After my first date with the boy I’d been pining after for months, you were the one I called to analyse every bit of what happened—from his hello to the kiss goodbye. I went to you with my dreams, my heartbreaks, and my funny stories.
Then, slowly, everything started to fall apart. Your responses to me got less frequent, our visits got shorter, until we didn’t speak at all.
There was no fight; we didn’t have a screaming match full of tears and thrown cushions. We just ceased to be us. We were you, and me.
Sometimes if I close my eyes, I can remember what it used to be. Spending hours lip-syncing in your mirror, flipping through magazines and ripping out pages of the cutest male celebrities to tape to our walls. I have photo albums full of our random photo shoots, times when we put on costumes, put a camera in your mom’s hand, and just laughed ourselves silly. I will never get rid of those photos—they have captured some of the best days of my life.
I’m certain there were some bad times, too, but I can’t remember them. Sadness and nostalgia have put a rose-coloured filter all over my memories, leaving me with nothing but the good times—the best times—to fall back on.

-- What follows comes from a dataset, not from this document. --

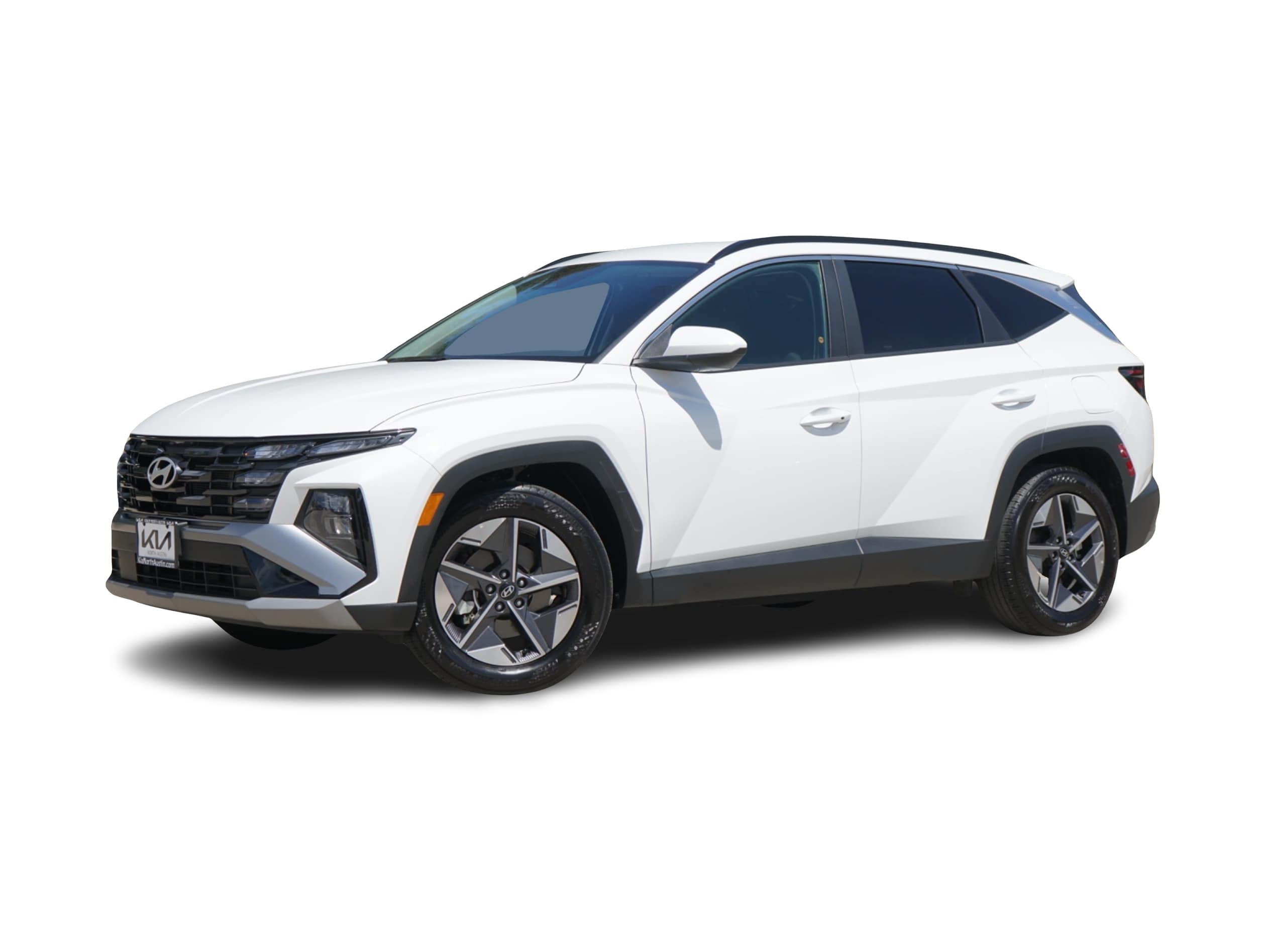 Thumbnail: 2026 Hyundai Tucson - 1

I miss you. That’s the honest-to-god truth. I miss falling asleep to your breathing, I miss waking up in the morning and seeing your brown hair fanned around you like a halo, I miss making stupid videos with each other, and I miss having that one person in the world that I told everything. I miss it all; I miss us.

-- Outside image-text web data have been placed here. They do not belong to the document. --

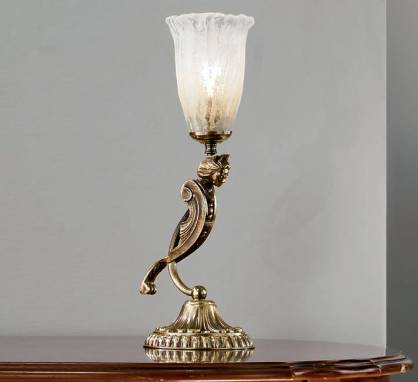 Светильник  настольный (Настольная лампа)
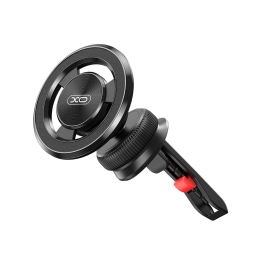 Magnet Air Vent Car Holder, Magsafe: Xo C130 - Black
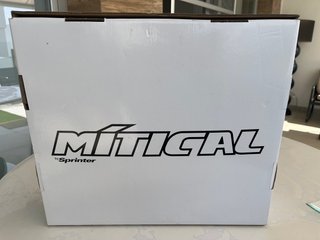 Patines ruedas linea mitical 37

I’m a different person now, and so are you. I’m not surprised: We were kids, and I shouldn’t expect you to still be the same person when I know for sure that I’m not. But, for some inexplicable reason, I do. I look at you and I’m astonished at how much you’ve changed. You’re a stranger to me now.
If I could go back in time, I’d hold on harder, make sure you didn’t slip from my grasp and drift away. I don’t blame you or myself. Sometimes, things just fall apart.
We aren’t friends anymore, but I still love you. I always will; it’s inevitable, considering how much of my time I’ve given to you. When we were kids, everything was so much easier. Things—including friendships—have gotten harder now. But that love I had for you as a child will never go away, even if everything else has.
If you have a daughter, a little girl like us, can you make me a promise? Tell her about me. Tell her about the explosions in the kitchen, the first time we tried on makeup, the stories we made up, and the games we played. Tell her about how much we laughed, and about the plans we made to get our crushes to notice us, and about the sleepovers spent playing video games, listening to music, and whispering long after our parents fell asleep.
Even though we aren’t friends anymore, I cherish those memories. All I want for my future daughter is to have a friendship like ours, a friendship that burns bright and long like the sun. And I’ll tell her, that if she has a friendship like ours, not to let go.
I don’t want her to make the same mistake we did.